Standläufe auch zur Unzeit
«Die AUA startet bereits um 6.30 Uhr, zwanzig Minuten später People's und nochmals zwanzig Minuten später landet die erste Linienmaschine aus Wien», ergänzt ein Anwohner verärgert und verweist darauf, dass der Umkehrschub beim Bremsen mindestens «soviel Krach verursacht, wie die startenden Maschinen». Nicht nur der Linienverkehr beim Airport steht in der Kritik. Zwar habe sich der Airport verpflichtet, Standläufe (nach Wartungsarbeiten an den Turbinen sind sog. Standläufe erforderlich, die bis zum Volllasttest reichen können) nur montags bis freitags auf einem dafür festgelegten Platz durchzuführen. «Davon kann aber leider keine Rede sein. Standläufe werden auf dem ganzen Areal und auch ausserhalb der geregelten Zeiten durchgeführt», sagt ein Betroffener (98 Dezibel wurden bei nahen Einfamilienhäusern gemessen) und schlägt vor, den Flugplatz zu schliessen und das Gelände dem Naturschutz zuzuführen. Diese radikale Meinung findet in der neunköpfigen Runde keine lückenlose Unterstützung. Einig sind sich die Teilnehmer hingegen, dass die Airport-Führung auch bei der Vergabe von Ausnahmebewilligungen «zu lasch vorgeht». Dies führe dazu, dass Fluglärm auch frühmorgens, während der Mittagsruhe und in der Nacht zu ertragen sei. «Bis zu dreissig und mehr Sonderbewilligungen pro Monat werden vom Airport erteilt», sagt ein der AgF nahe stehendes Mitglied und legt als Beweis eine Auflistung des Bundesamtes für Zivilluftfahrt (Bazl) auf den Tisch. Auffallend viele dieser Ausnahmebewilligungen stehen in Verbindung mit dem Flugplatz Schwäbisch Hall (auch: Adolf Würth Airport), der von der Würth-Gruppe betrieben wird, die am Rorschacher Seeufer ein Millionenprojekt aus dem Boden stampft.

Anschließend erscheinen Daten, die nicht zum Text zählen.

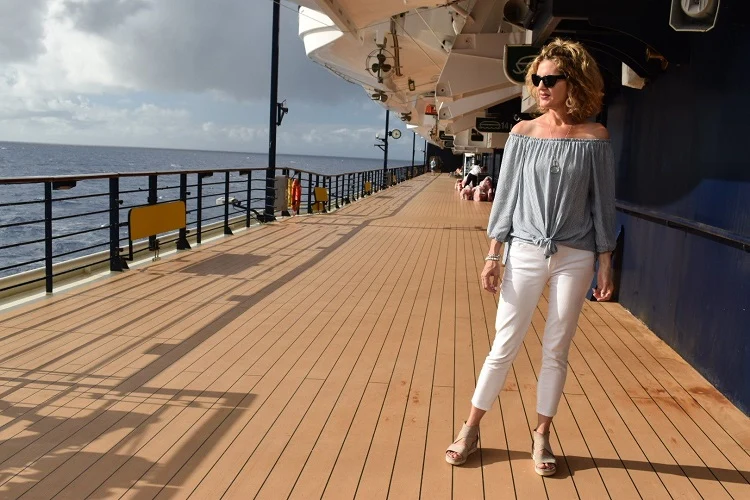 cruise outfit guide for women over 50 summer 2023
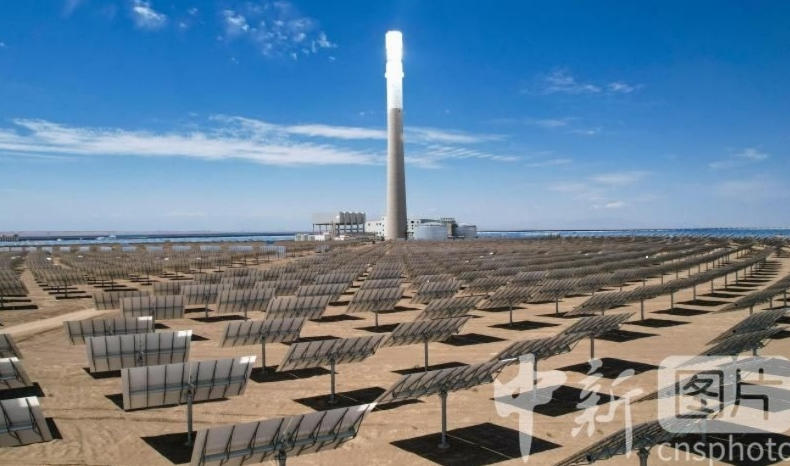 金塔多能互补基地“10万千瓦光热+60万千瓦光伏”项目现场1.jpg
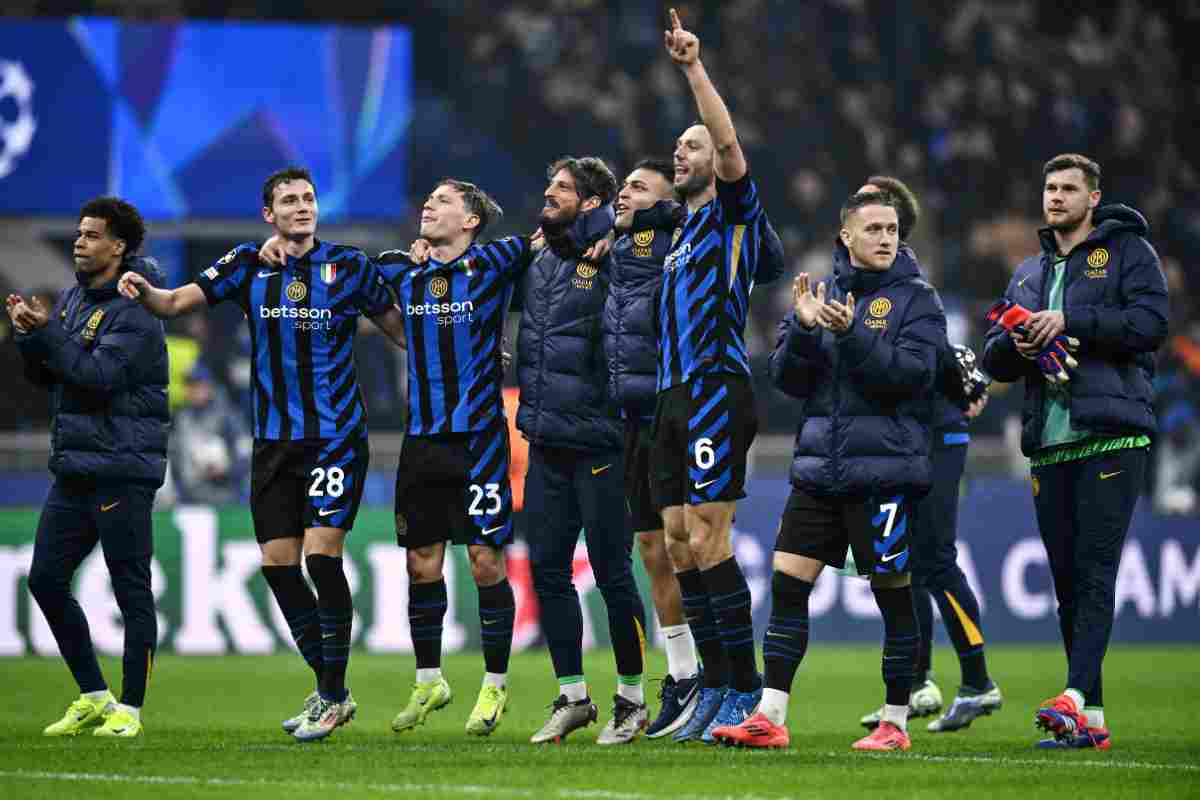 Giocatori dell'Inter esultano a fine gara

Lösung nur am runden Tisch
Auf Unterstützung von politischer Seite hofft die Gruppierung laut Cécile Metzler nicht mehr. «Denn von der Gleichgültigkeit des Gemeindepräsidenten und hiesiger Kantonsräte», was die Anliegen der Flughafengegner betreffe, sei man mehr als nur enttäuscht. «Der Ball wird nur ständig hin und her gespielt.» Aus diesem Grund betonen die Gesprächsteilnehmer, würden weiterhin sämtliche Baugesuche mit allen möglichen Mitteln bekämpft, obwohl das Bundesverwaltungsgericht die geforderte Umweltverträglichkeitsprüfung angeordnet habe, was die Umsetzung von Bauprojekten am Airport um Jahre verzögern könne. «Wir sind aber jederzeit gesprächsbereit», sagt Metzler. Als Punkte für eine mögliche Annäherung nennt sie den Ersatz des Embraer durch eines leiseres Flugzeug, die markante Reduzierung von Standläufen, oder eine technische Lösung dafür, sowie die Einschränkung von Ausnahmebewilligungen auf ein absolutes Mindestmass.